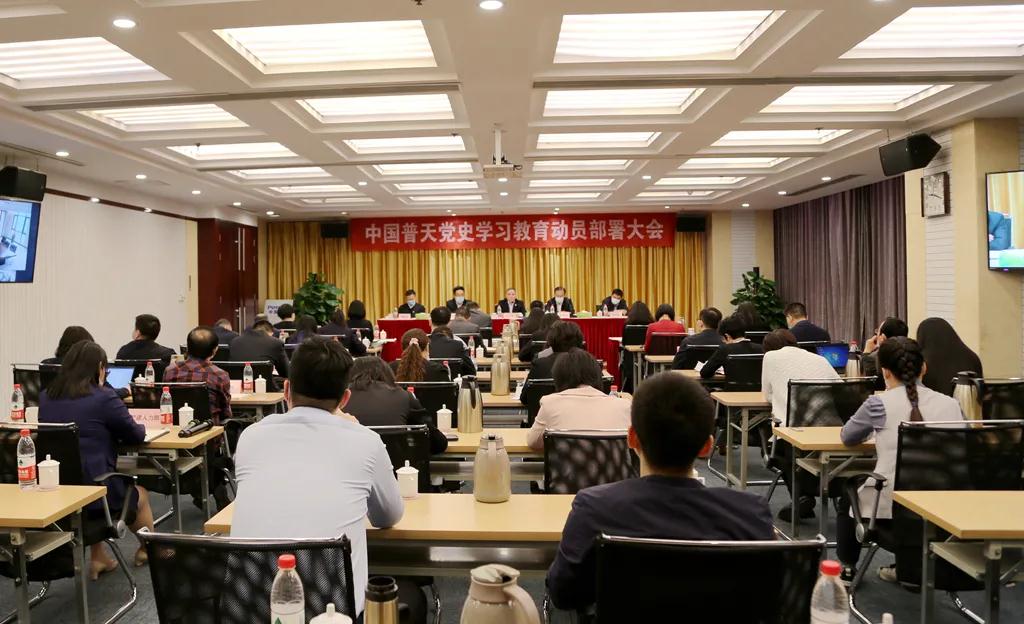 皮卡加工程机械的油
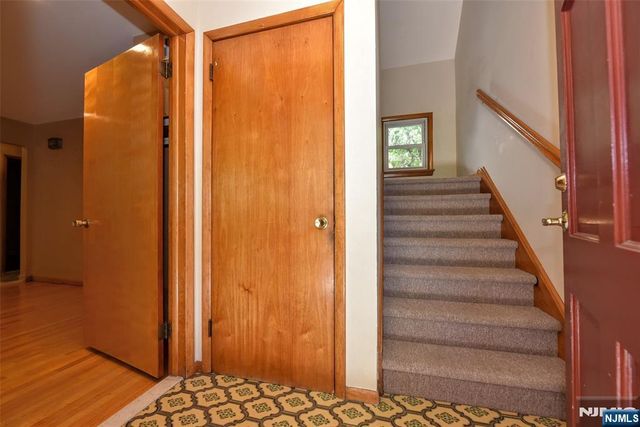 24 Maple Avenue 2nd Floor, Waldwick, NJ 07463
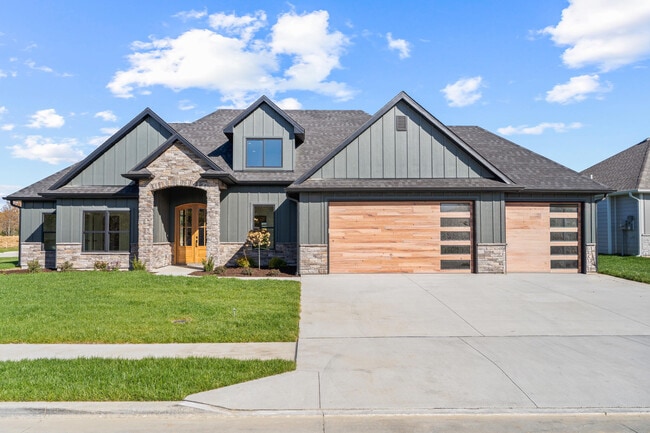 2801 Easley Cabin Cir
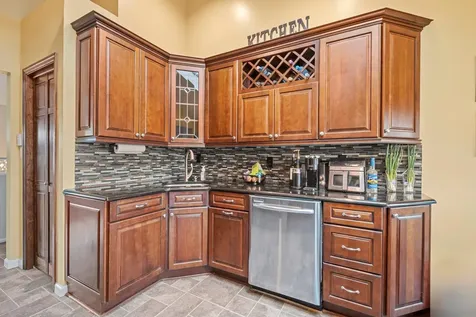 55 Waterman Court Babylon NY 11702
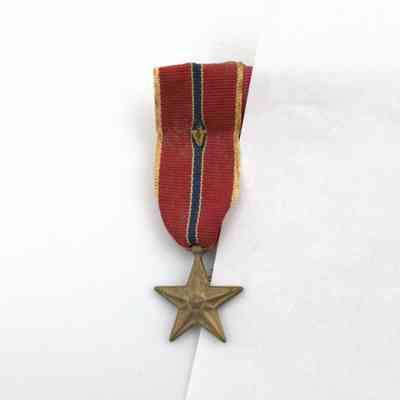Bronze Star miniature medal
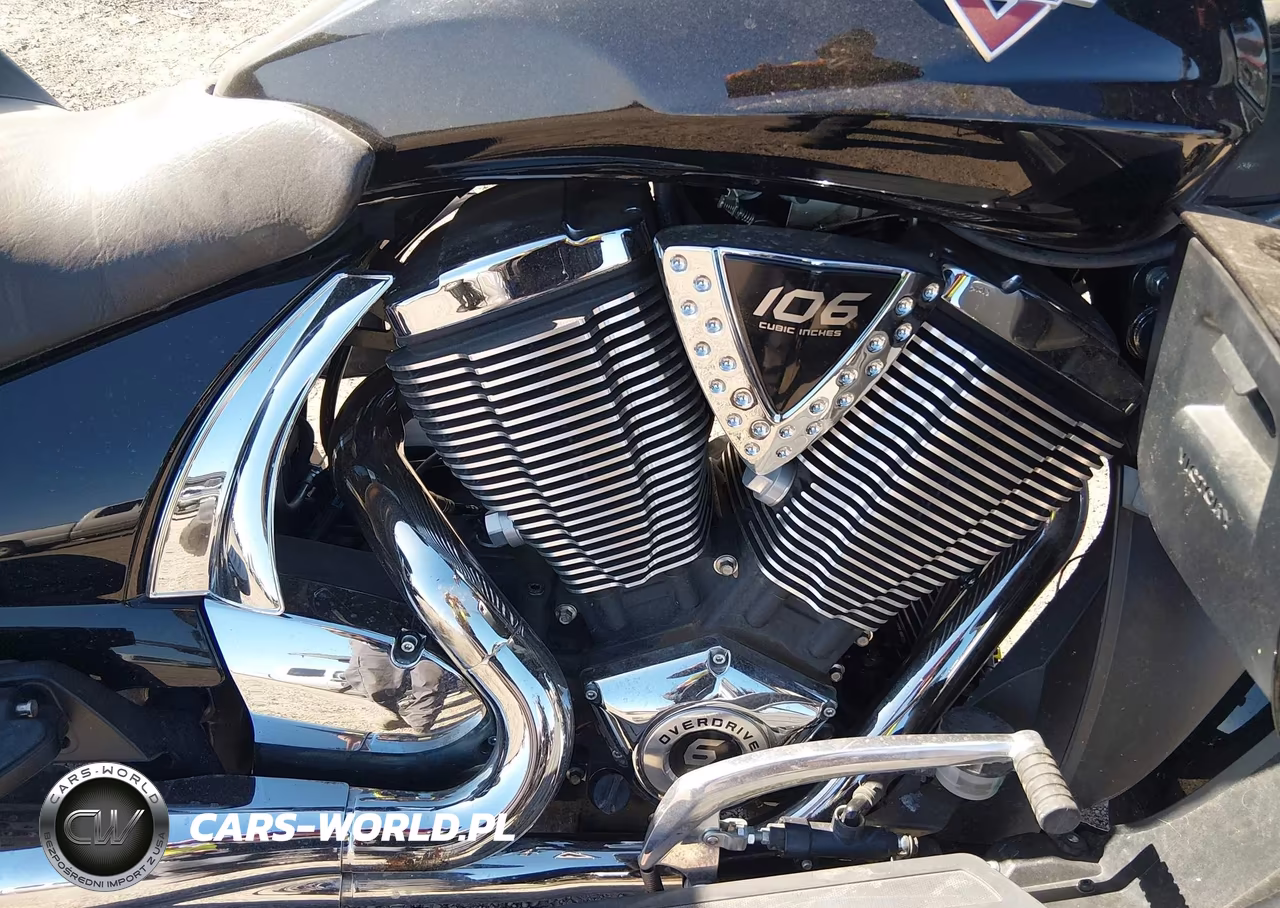 2016 Victory Motorcycles Cross Country Tour VIN:5VPTW36N6G3049875 - 8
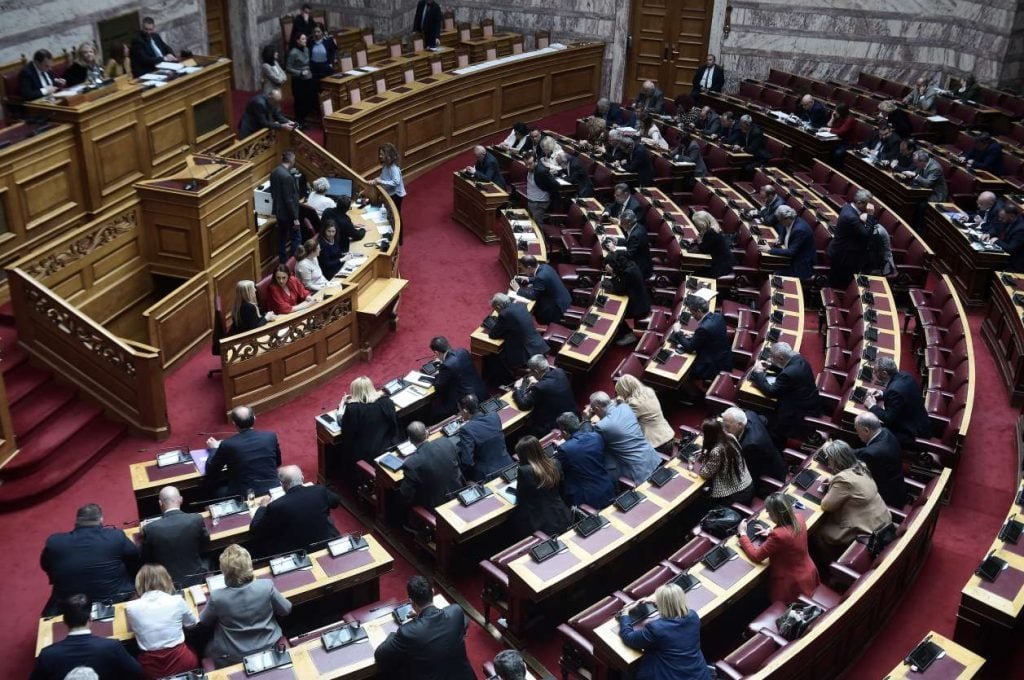 Στη Βουλή νομοσχέδιο για κοινωνική στέγαση και στήριξη οικογενειών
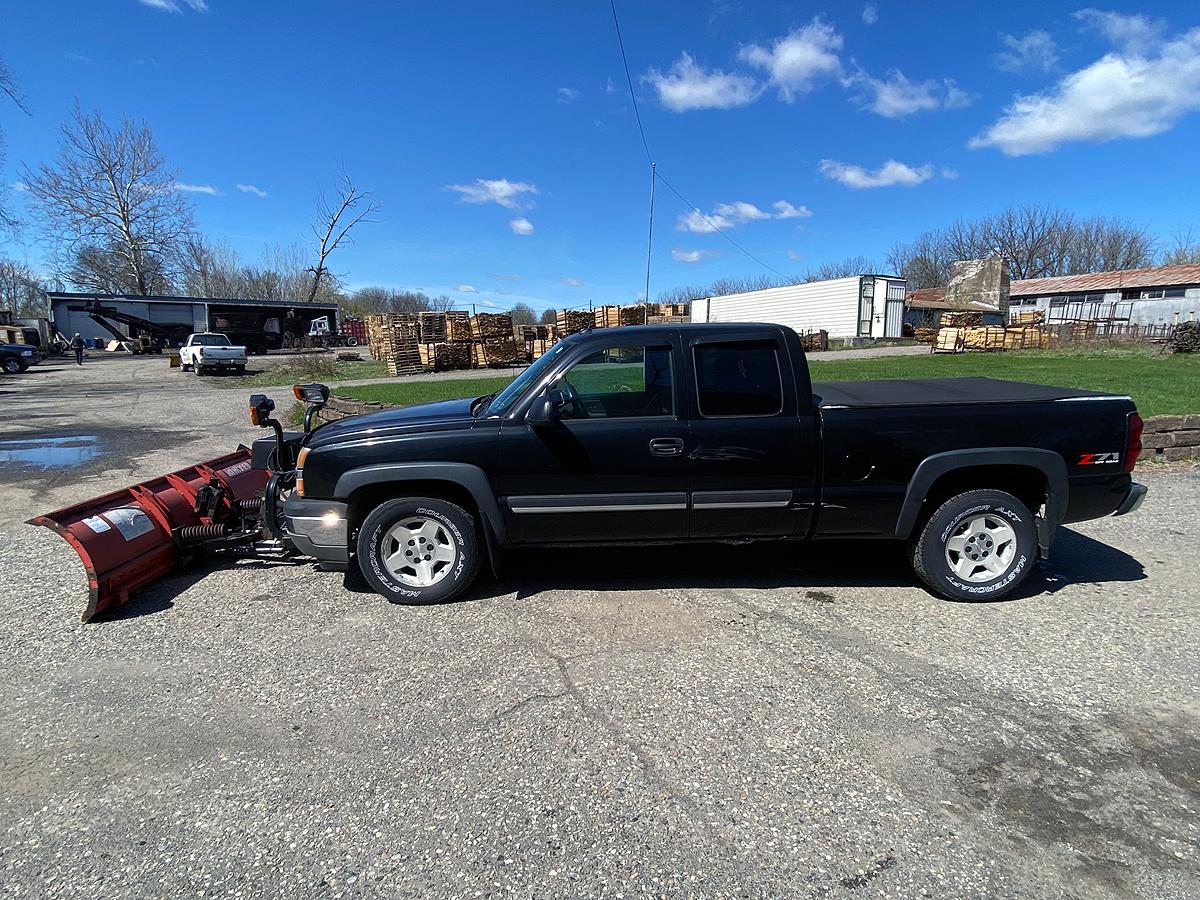 2005 Chevrolet Silverado LT 4 Door Pickup Truck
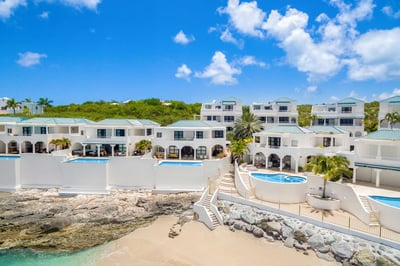 Luxury Villa Photo #4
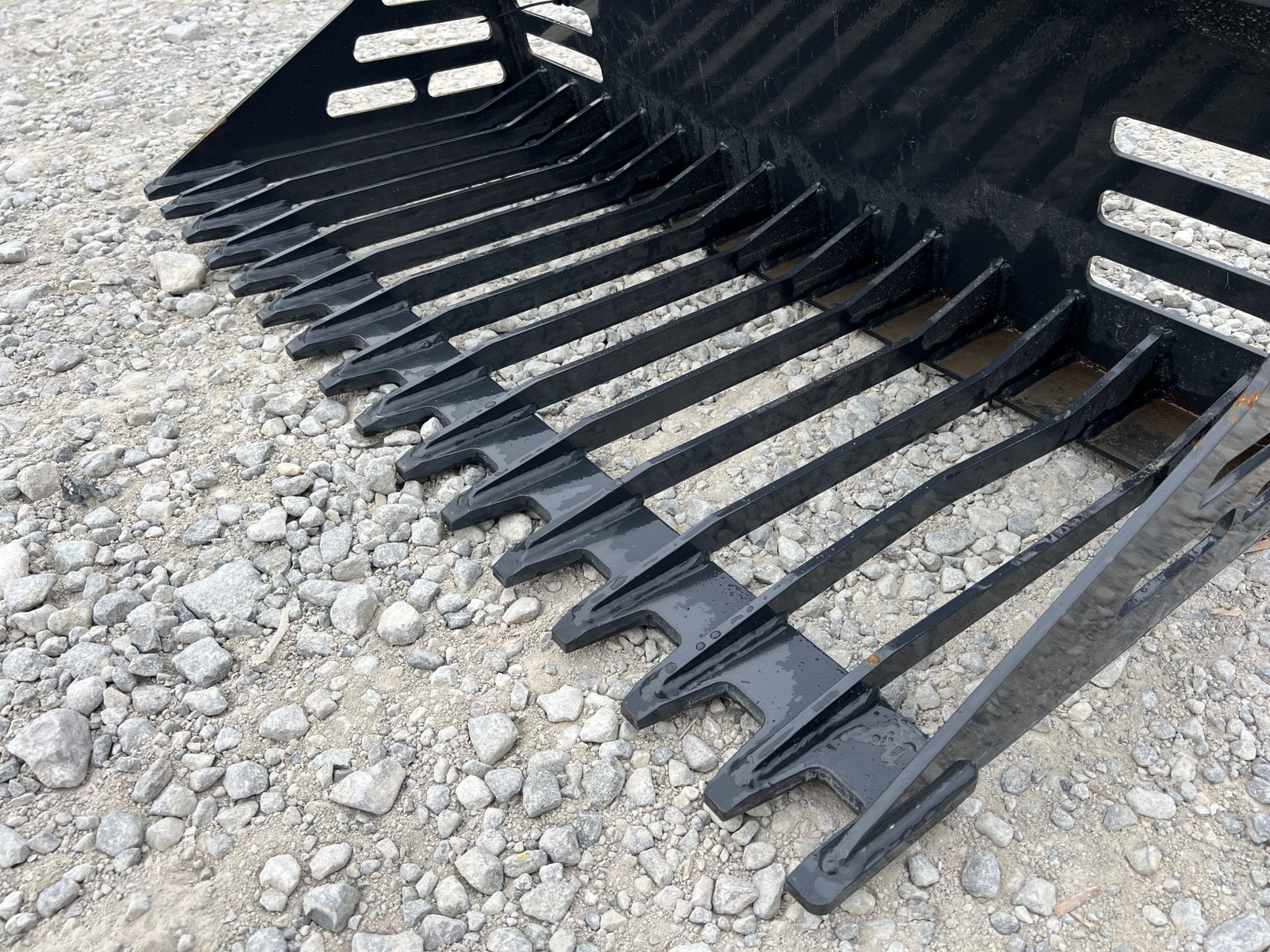 44″ Rock Skeleton Bucket Attachment Fits Toro Dingo Vermeer Mini Skid Steer - Image 9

----------

Problem description.
Nothing but an exact copy is needed, covering the lines from the line with "55 Waterman Court Babylon NY 11702" through the last line of the entries, pictures excluded.

Written response.
 55 Waterman Court Babylon NY 11702
Bronze Star miniature medal
 2016 Victory Motorcycles Cross Country Tour VIN:5VPTW36N6G3049875 - 8
 Στη Βουλή νομοσχέδιο για κοινωνική στέγαση και στήριξη οικογενειών
 2005 Chevrolet Silverado LT 4 Door Pickup Truck
 Luxury Villa Photo #4
 44″ Rock Skeleton Bucket Attachment Fits Toro Dingo Vermeer Mini Skid Steer - Image 9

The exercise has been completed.